Problem description: Whatever appears in the records apart from pictures must be reproduced exactly.

── The data

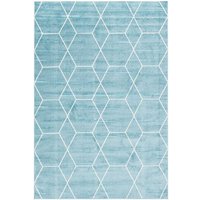 Skandi Stil Teppich in Hellblau und Cemefarben geometrischem Muster von Doncosmo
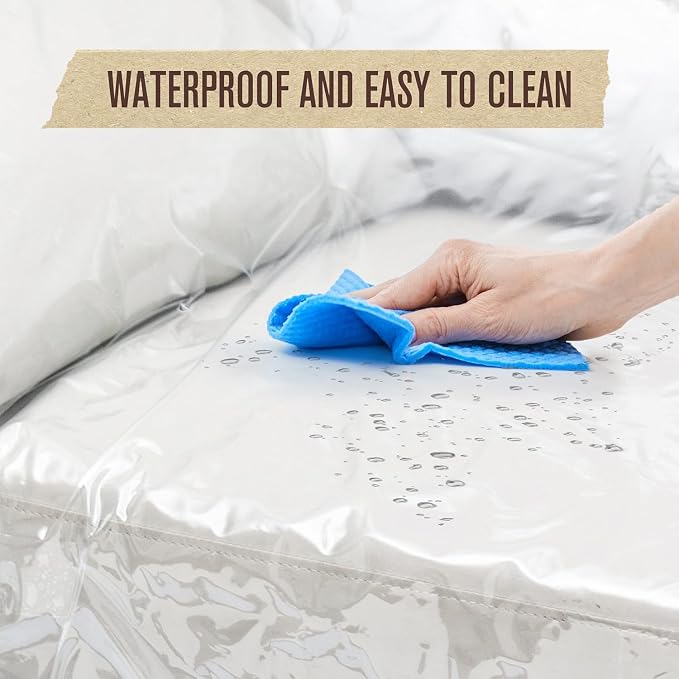 Plastic Couch Cover, Plastic Couch Covers for Pets, Sofa Protector, 96"x40" | Houseables Clear Vinyl Slipcover, Furniture Protectors For Cats, Dogs, Waterproof, Pet Pee Urine Proof, Scratch, Heavy Duty - Image 6
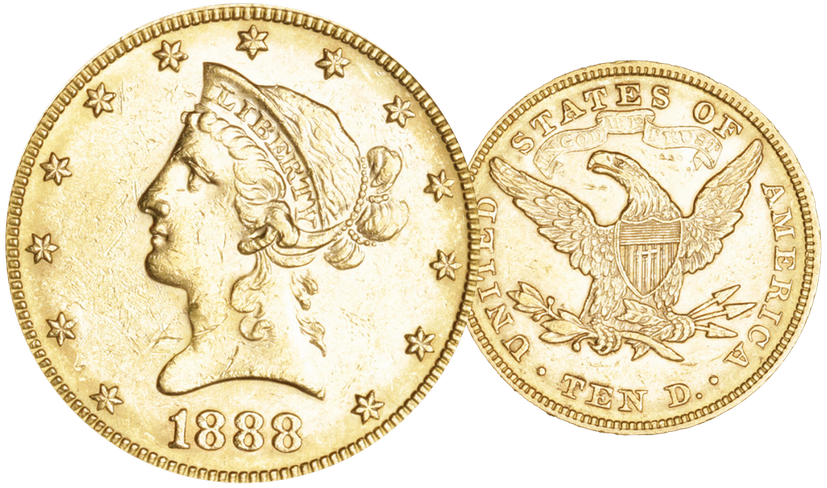 1888, 10 USD "Liberty Head"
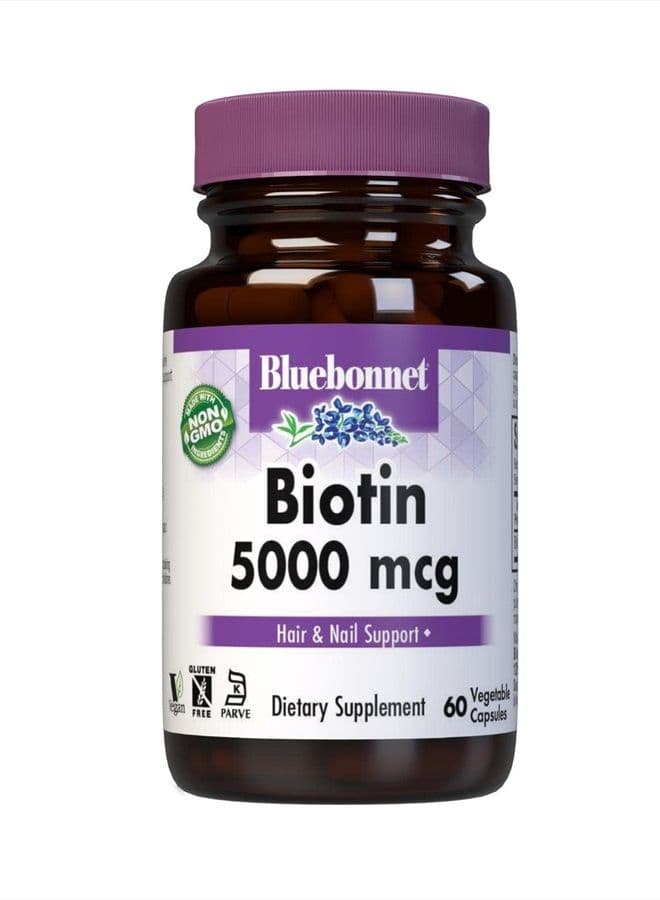 Nutrition Biotin 5000 Mcg Vegetable Capsules, Biotin is a B Vitamin That Helps Make Keratin, Vegan, Vegetarian, Non GMO, Gluten Free, Soy Free, Milk Free, Kosher, 60 Vegetable Capsules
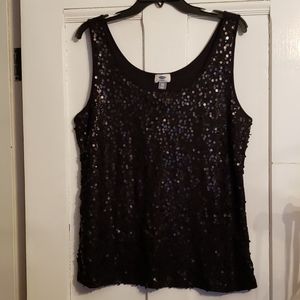 Sequin Black Tank Top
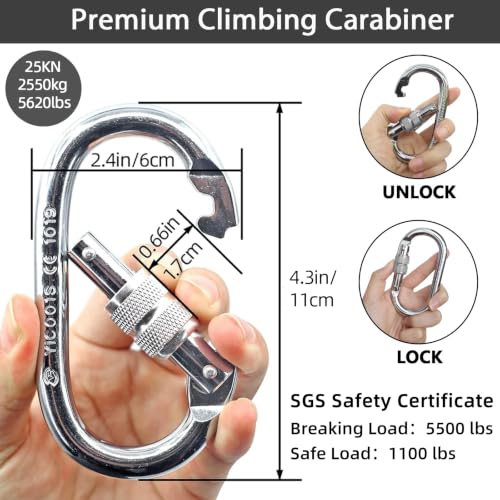 PRIOR FITNESS Aerial Silks Hardware, SGS/CE Safety Certified Rigging Set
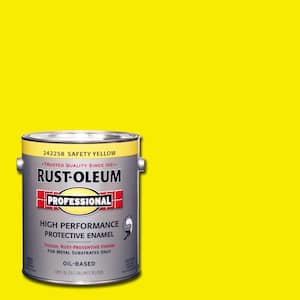 1 Gallon High Performance Protective Enamel Gloss Safety Yellow Oil-Based Interior/Exterior Metal Paint (2-Pack)
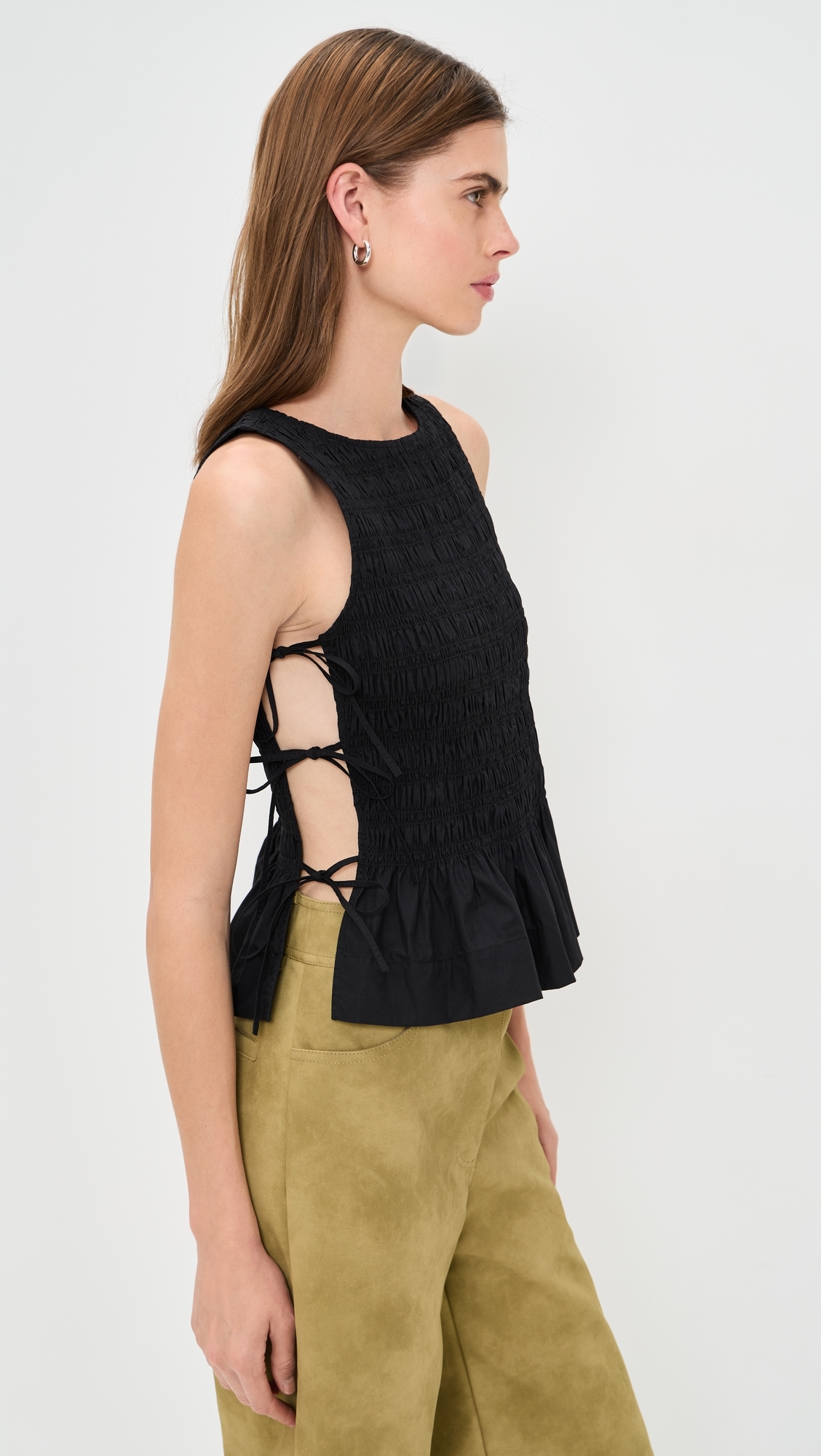 Poplin Smock Tie Top Black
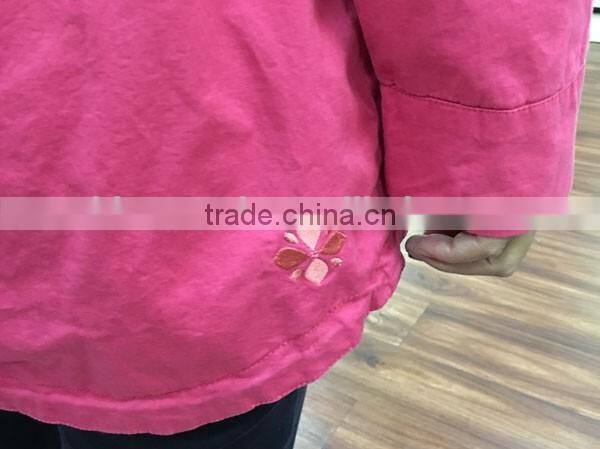 women wind-proof jackets 100%cotton long style stock clothing, stocklots garments
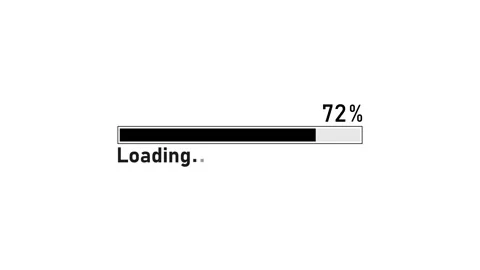 Minimal percent loading progress bar and loading text digital interface con.. Stock Footage 337873011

────

Answer area:
 Skandi Stil Teppich in Hellblau und Cemefarben geometrischem Muster von Doncosmo
 Plastic Couch Cover, Plastic Couch Covers for Pets, Sofa Protector, 96"x40" | Houseables Clear Vinyl Slipcover, Furniture Protectors For Cats, Dogs, Waterproof, Pet Pee Urine Proof, Scratch, Heavy Duty - Image 6
 1888, 10 USD "Liberty Head"
 Nutrition Biotin 5000 Mcg Vegetable Capsules, Biotin is a B Vitamin That Helps Make Keratin, Vegan, Vegetarian, Non GMO, Gluten Free, Soy Free, Milk Free, Kosher, 60 Vegetable Capsules
 Sequin Black Tank Top
 PRIOR FITNESS Aerial Silks Hardware, SGS/CE Safety Certified Rigging Set
 1 Gallon High Performance Protective Enamel Gloss Safety Yellow Oil-Based Interior/Exterior Metal Paint (2-Pack)
 Poplin Smock Tie Top Black
 women wind-proof jackets 100%cotton long style stock clothing, stocklots garments
 Minimal percent loading progress bar and loading text digital interface con.. Stock Footage 337873011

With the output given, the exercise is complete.